→ What you need to do: One exact copy of the listing, minus the images, is the required answer.

→ Data below:
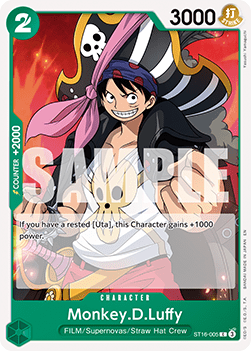 Monkey.D.Luffy (ST16-005) (V.1) Immagine principale del prodotto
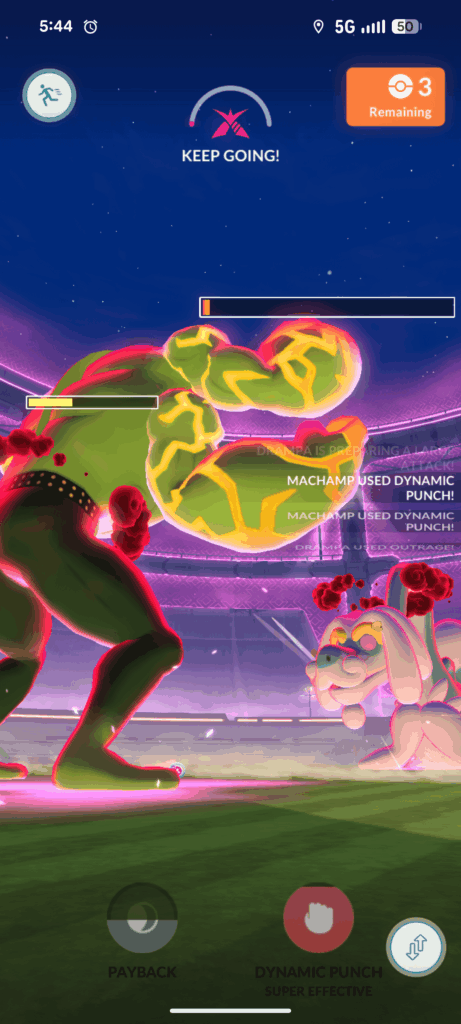 If you minimize and reopen the app and reopen it during (or as it ends?), you can keep your Pokemon Dynamaxed, though this is just aesthetic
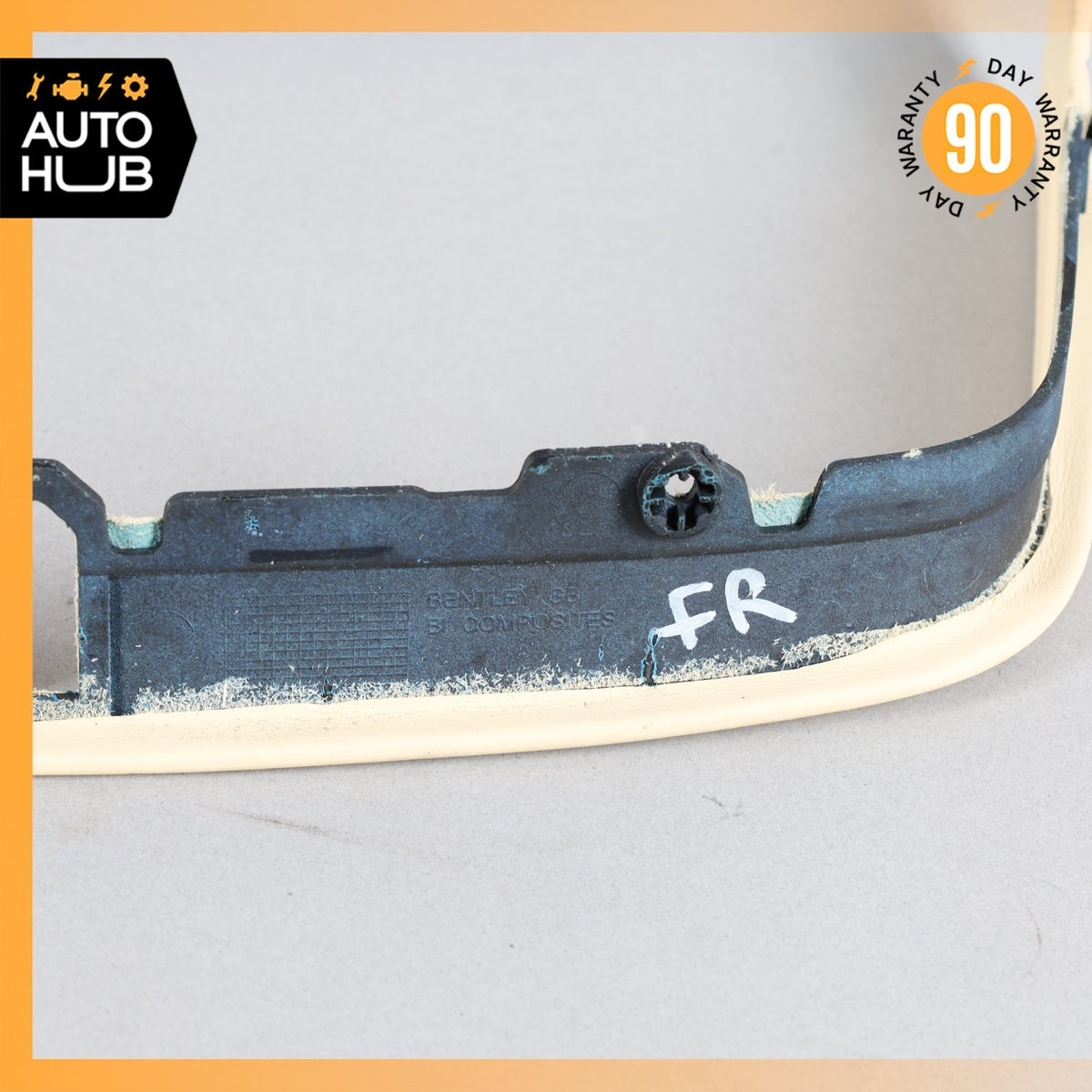 14-18 Bentley Flying Spur Front Seat Backrest Cover Panel Bezel Beige OEM - photo 9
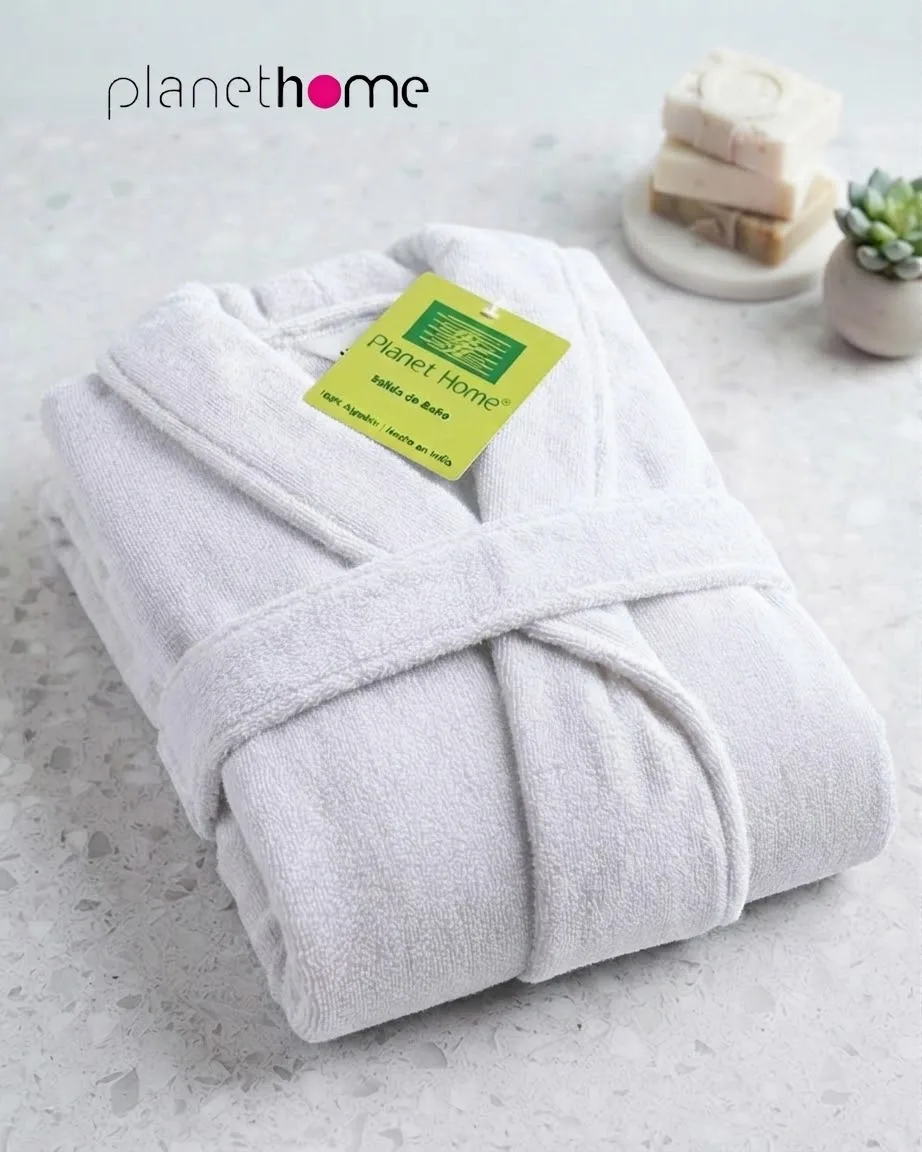 Bata de Baño PH 100% Algodón Súper Absorbente — imagen 9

→ Task answer:
 Monkey.D.Luffy (ST16-005) (V.1) Immagine principale del prodotto
 If you minimize and reopen the app and reopen it during (or as it ends?), you can keep your Pokemon Dynamaxed, though this is just aesthetic
 14-18 Bentley Flying Spur Front Seat Backrest Cover Panel Bezel Beige OEM - photo 9
 Bata de Baño PH 100% Algodón Súper Absorbente — imagen 9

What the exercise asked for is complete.